_What is being asked_
Keep the pictures out and restate every record exactly.

[Image-caption web data]
--

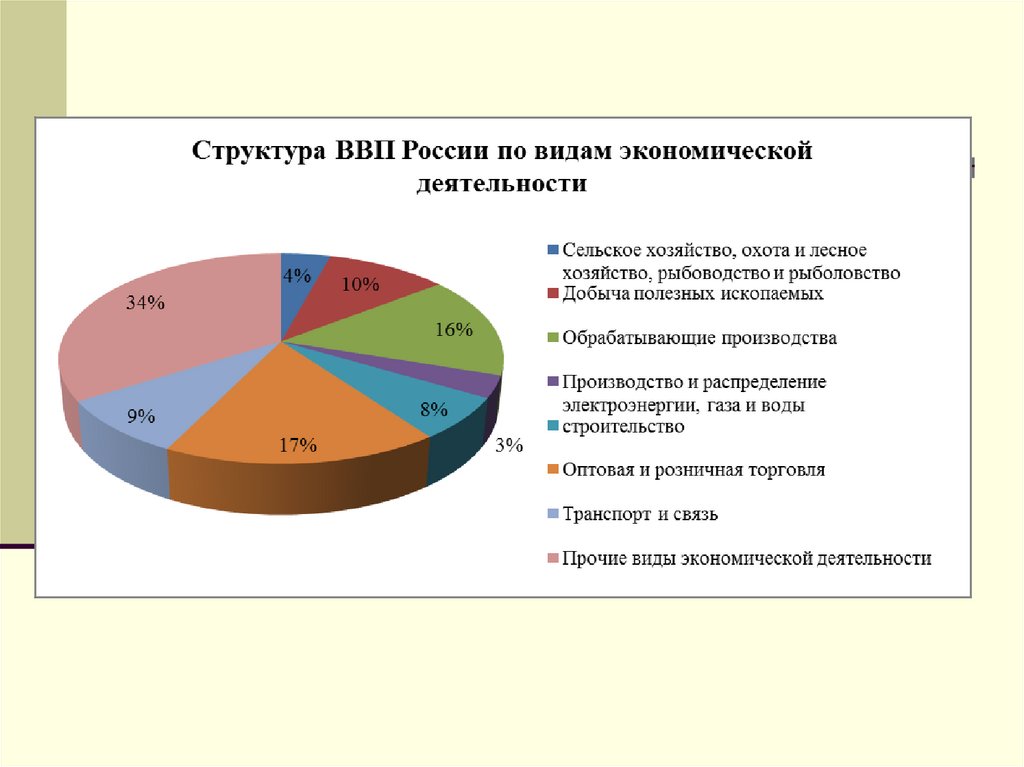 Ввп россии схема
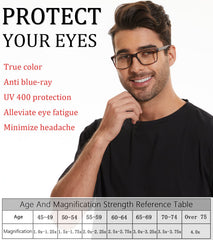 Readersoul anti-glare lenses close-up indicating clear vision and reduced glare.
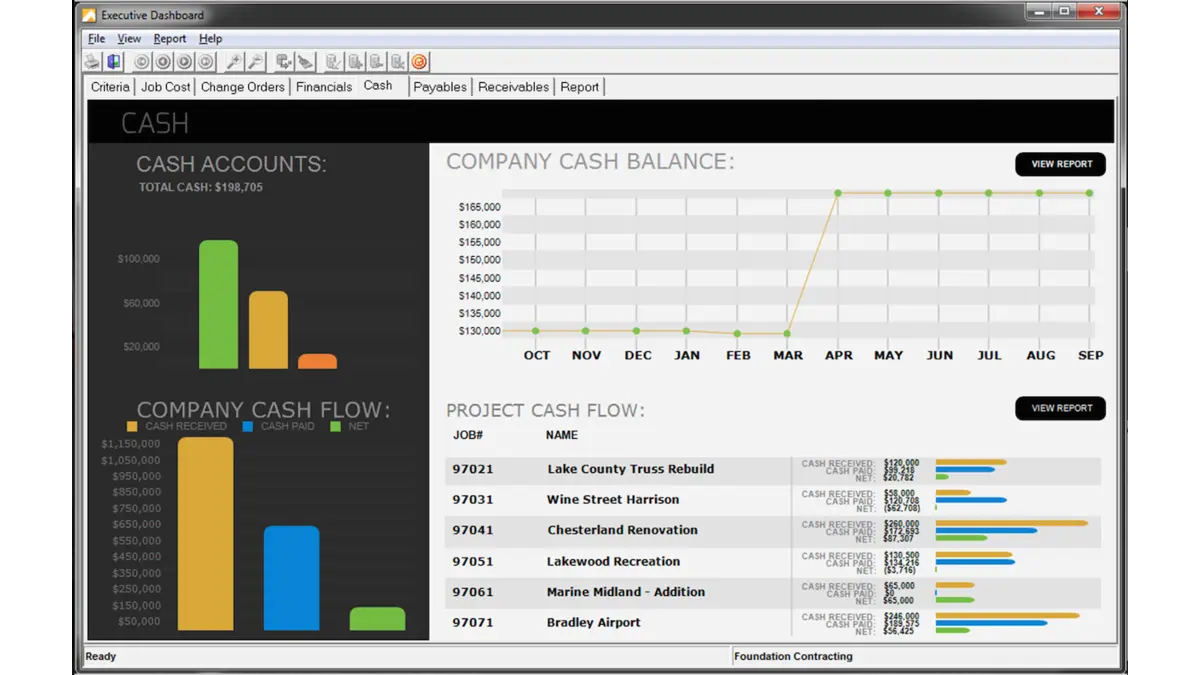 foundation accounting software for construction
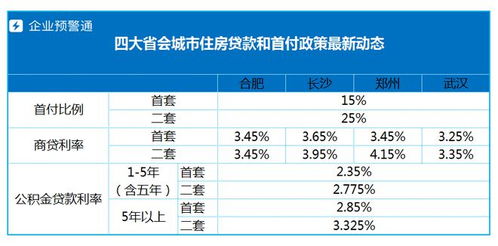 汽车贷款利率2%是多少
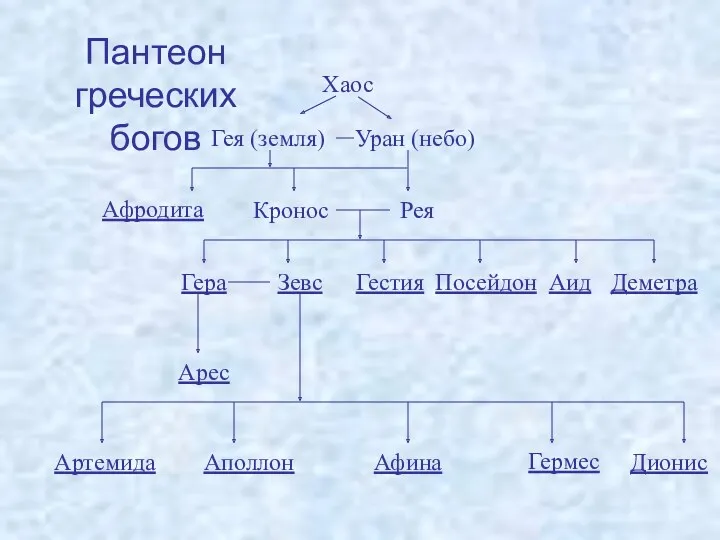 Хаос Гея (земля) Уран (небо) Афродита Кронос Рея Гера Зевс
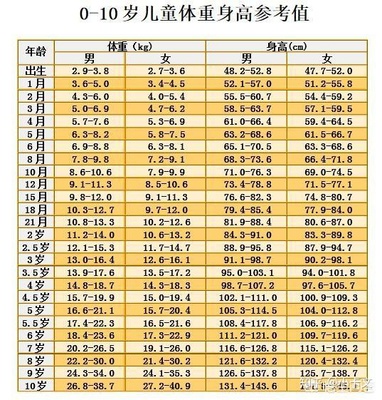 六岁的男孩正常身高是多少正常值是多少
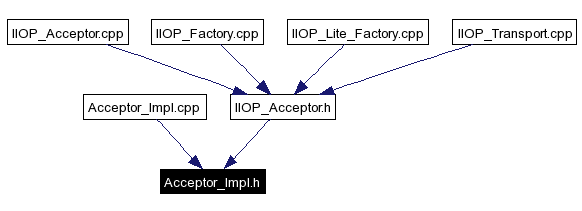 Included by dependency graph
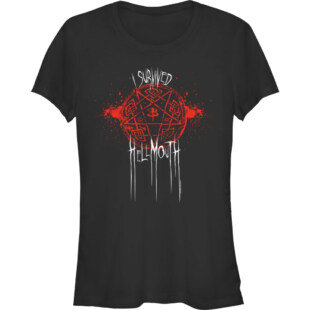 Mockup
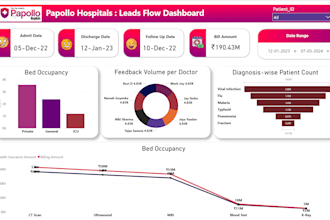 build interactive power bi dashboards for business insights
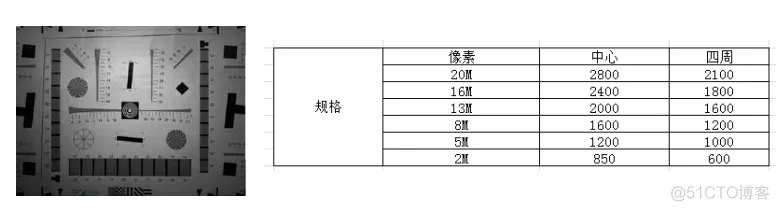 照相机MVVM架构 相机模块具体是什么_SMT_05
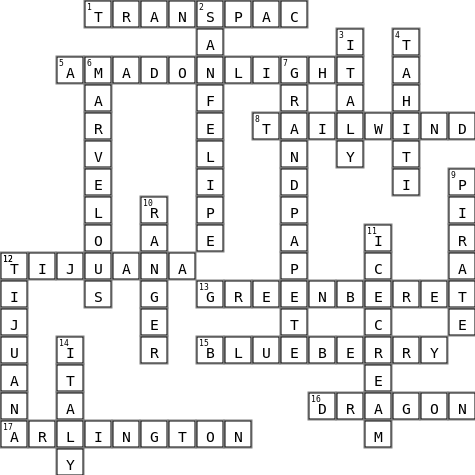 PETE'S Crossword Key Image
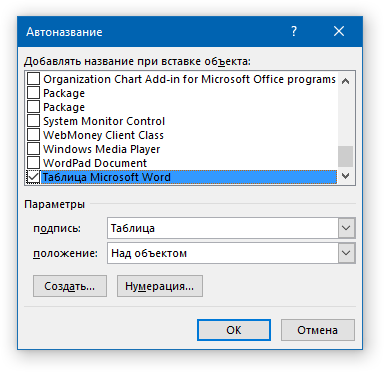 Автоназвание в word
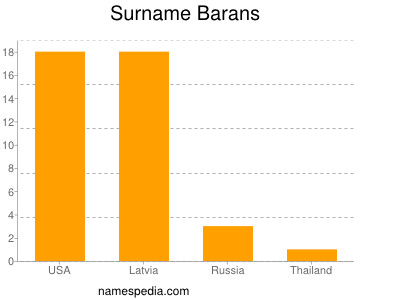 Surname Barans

--

_Written answer_
 Ввп россии схема
 Readersoul anti-glare lenses close-up indicating clear vision and reduced glare.
 foundation accounting software for construction
 汽车贷款利率2%是多少
 Хаос Гея (земля) Уран (небо) Афродита Кронос Рея Гера Зевс
 六岁的男孩正常身高是多少正常值是多少
 Included by dependency graph
 Mockup
 build interactive power bi dashboards for business insights
 照相机MVVM架构 相机模块具体是什么_SMT_05
 PETE'S Crossword Key Image
 Автоназвание в word
 Surname Barans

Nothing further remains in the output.